* _WHAT THE EXERCISE ASKS_
What is needed is the exact text of each line in the listing below from the one with "Policajt stojí pred" up to and including the one with "Mum and girl", and no pictures.

* _GIVEN RECORDS_
* * *
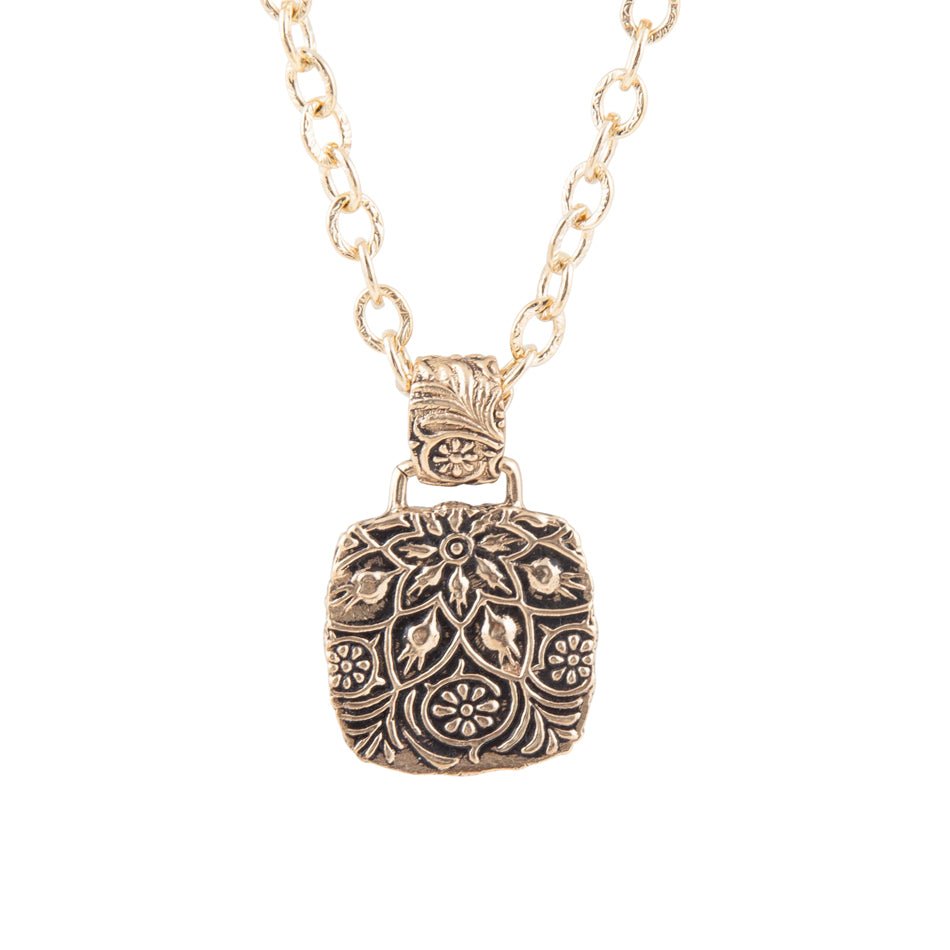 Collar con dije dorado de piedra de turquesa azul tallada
* * *
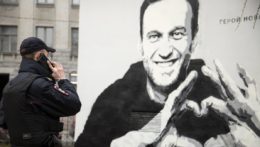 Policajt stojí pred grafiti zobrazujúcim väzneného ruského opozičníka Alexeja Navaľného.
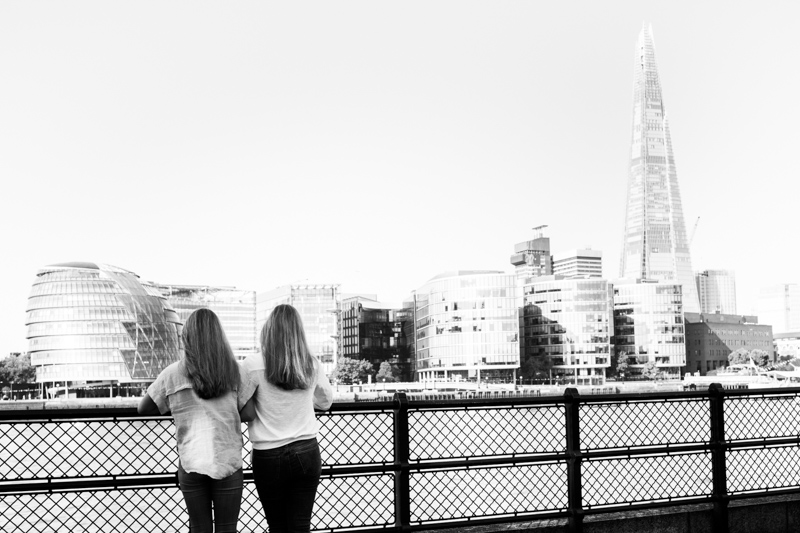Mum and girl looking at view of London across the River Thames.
* * *
* _ANSWER TO THE PROBLEM_
 Policajt stojí pred grafiti zobrazujúcim väzneného ruského opozičníka Alexeja Navaľného.
Mum and girl looking at view of London across the River Thames.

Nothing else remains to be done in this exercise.